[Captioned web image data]
▼

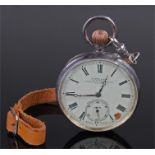 Smith & Sons silver openface pocket watch, the signed white enamel dial with subsidiary seconds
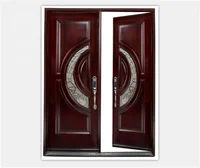 American Stylish Luxury Solid Wood Exterior Double Front Doors 1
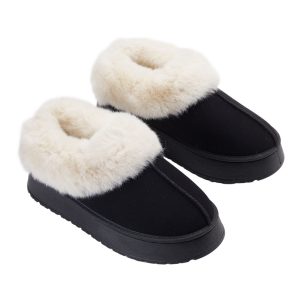 Black/Brown Women’s Warm Closed Toed Fleece-Lined Slippers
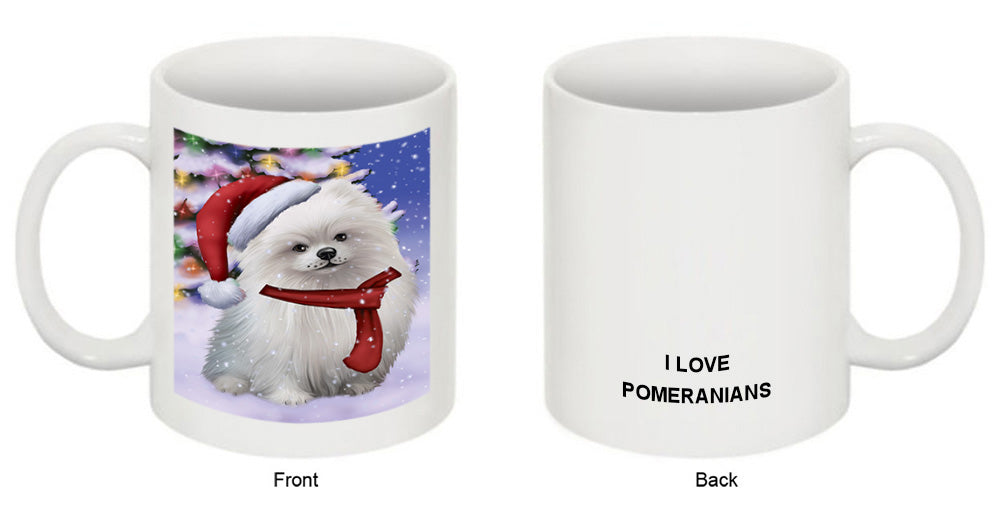Winterland Wonderland Pomeranian Dog In Christmas Holiday Scenic Background  Coffee Mug MUG48807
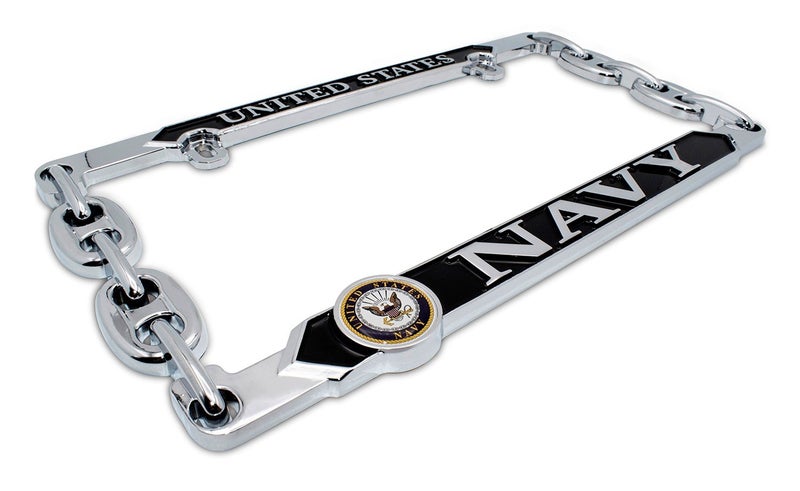 Elektroplate Officially Licensed â€“ United States Navy Chrome-Plated All-Metal Standard Size Premium 3D License Plate Frame Tag Holder for Cars/SUVs/Trucks Weather-Proof Automotive Accessory - Image 5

▲

This exercise needs every entry retyped exactly, with the pictures removed.

- TASK ANSWER
 Smith & Sons silver openface pocket watch, the signed white enamel dial with subsidiary seconds
 American Stylish Luxury Solid Wood Exterior Double Front Doors 1
 Black/Brown Women’s Warm Closed Toed Fleece-Lined Slippers
Winterland Wonderland Pomeranian Dog In Christmas Holiday Scenic Background  Coffee Mug MUG48807
 Elektroplate Officially Licensed â€“ United States Navy Chrome-Plated All-Metal Standard Size Premium 3D License Plate Frame Tag Holder for Cars/SUVs/Trucks Weather-Proof Automotive Accessory - Image 5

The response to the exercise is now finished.